1.1 Tight blocking bounds for the RW-RNLP*
To show that each blocking bound proven for the RW-RNLP* is tight, we show that each worst-case bound can actually occur by means of examples. An example corresponding to each lemma and theorem about the RW-RNLP* is presented below in the order in which the lemmas and theorems appear in Sect. 4.4. In each example, requests are numbered in the order in which they were issued.
Lemma 5 bounds the acquisition delay that a write request can experience after becoming entitled to \(L ^r_{{\textit{max}}}\).
Example 6
As shown in Fig. 16, write request \({\mathcal {R}}^w_2\), issued just after \({\mathcal {R}}^r_1\), is immediately entitled and can experience \(L ^r_{{\textit{max}}}\) acquisition delay.
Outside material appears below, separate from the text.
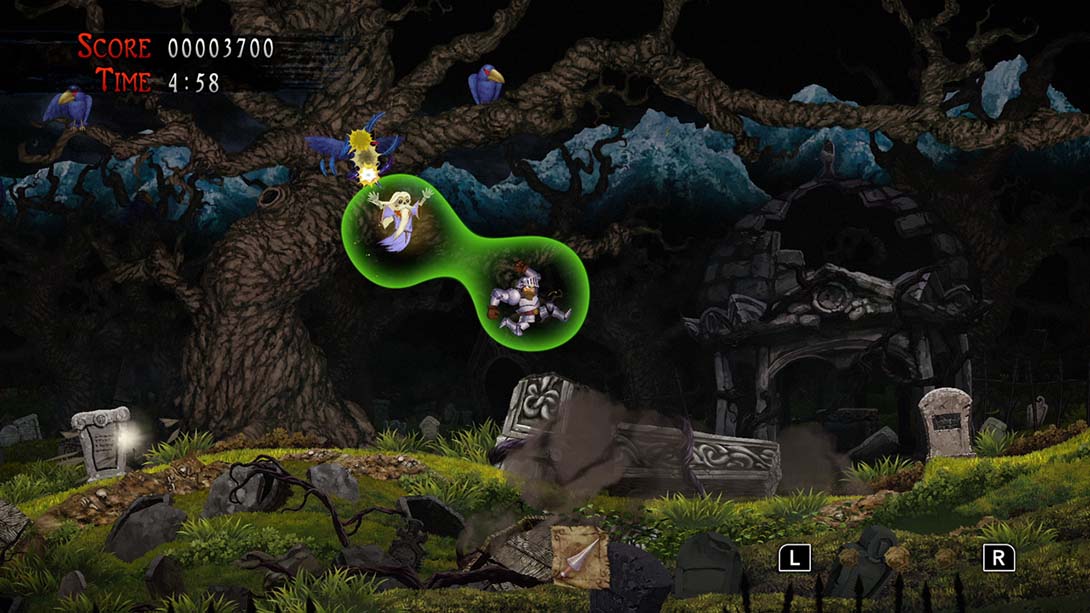魔界村:归来 GHOSTS N GOBLINS Resurrection截图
This is exactly the upper bound presented in Lemma 5.
Theorem 3 bounds the acquisition delay a read request can experience to \(L ^w_{{\textit{max}}}+ L ^r_{{\textit{max}}}\).
Example 7
In Fig. 16, read request \({\mathcal {R}}^r_3\) experiences an acquisition delay of up to \(L ^w_{{\textit{max}}}+ L ^r_{{\textit{max}}}\) time units. It was issued after the issuance of requests \({\mathcal {R}}^r_1\) and \({\mathcal {R}}^w_2\), all for the same resource. \({\mathcal {R}}^r_3\) cannot be satisfied initially, as \({\mathcal {R}}^w_2\) is entitled. Therefore it waits for up to \(L ^r_{{\textit{max}}}\) time units for \({\mathcal {R}}^r_1\) to complete. Once \({\mathcal {R}}^w_2\) is satisfied, \({\mathcal {R}}^r_3\) waits for up to \(L ^w_{{\textit{max}}}\) time units for \({\mathcal {R}}^w_2\) to complete before acquiring the resource.
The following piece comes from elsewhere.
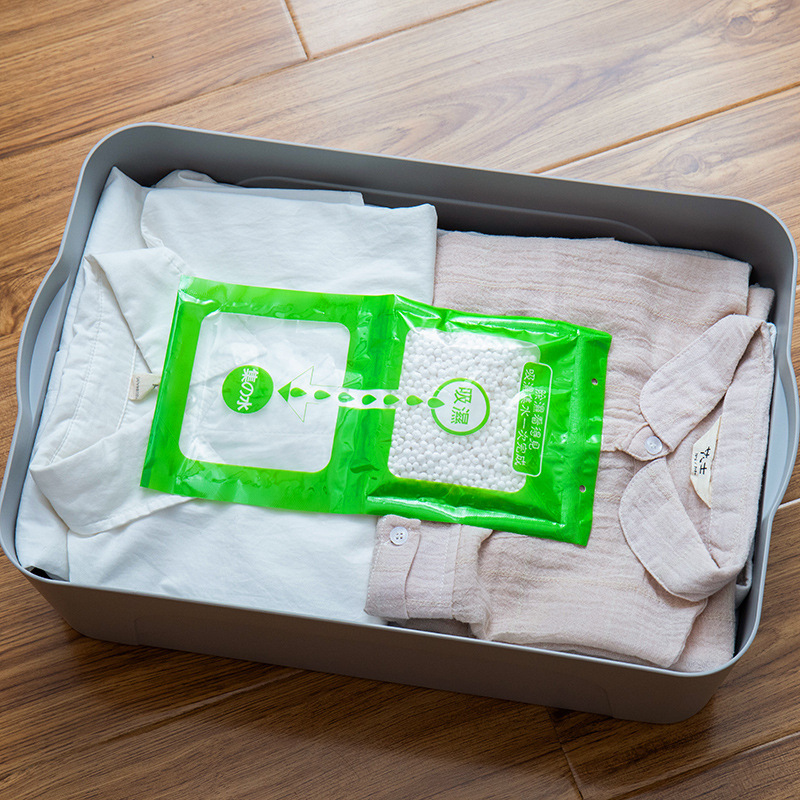 Small-pack hanging household and commercial indoor wardrobe moisture-absorbing, dehumidifying, mold-preventive, drying agent, wholesale desiccant bag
According to Lemma 6, a write request \({\mathcal {R}}^w_i\) may experience up to \(L ^w_{{\textit{max}}}+ L ^r_{{\textit{max}}}\) blocking after becoming the earliest-timestamped active write request for each resource in \(D_i\).
Example 8
Similarly to the previous examples, in Fig. 17, write request \({\mathcal {R}}^w_3\) can experience the worst-case delay stated in Lemma 6. Because requests were issued in increasing index order, \({\mathcal {R}}^w_3\) can potentially block for the entire critical sections of \({\mathcal {R}}^w_1\) and \({\mathcal {R}}^r_2\), which can be as high as \(L ^w_{{\textit{max}}}\) and \(L ^r_{{\textit{max}}}\), respectively.
The earliest-timestamped non-nested write request with no nested requests present can experience blocking of \(L ^r_{{\textit{max}}}\). This upper-bound proven in Lemma 7 is shown to be tight in Example 6 with \({\mathcal {R}}^w_2\) as depicted in Fig. 16.
Lemma 8 bounds the time a nested write request must wait before becoming the earliest-timestamped write request for all of its resources to \(2L ^w_{{\textit{max}}}+ L ^r_{{\textit{max}}}\). The following example shows this bound is tight.
Example 9
As shown in Fig. 18a, \({\mathcal {R}}^{w,n}_4\) is not the earliest-timestamped active write request for each of \(D_4=\{{\ell } _2,{\ell } _3\}\) when it is issued. In fact, it must wait until \({\mathcal {R}}^w_3\) has completed. Given that each of these requests could have been issued immediately after each other and that \({\mathcal {R}}^w_4\) will need to wait until \({\mathcal {R}}^w_1\), \({\mathcal {R}}^r_2\), and \({\mathcal {R}}^w_3\) complete, \({\mathcal {R}}^w_4\) may wait up to \(2L ^w_{{\textit{max}}}+ L ^r_{{\textit{max}}}\) time units to become the earliest-timestamped active write request.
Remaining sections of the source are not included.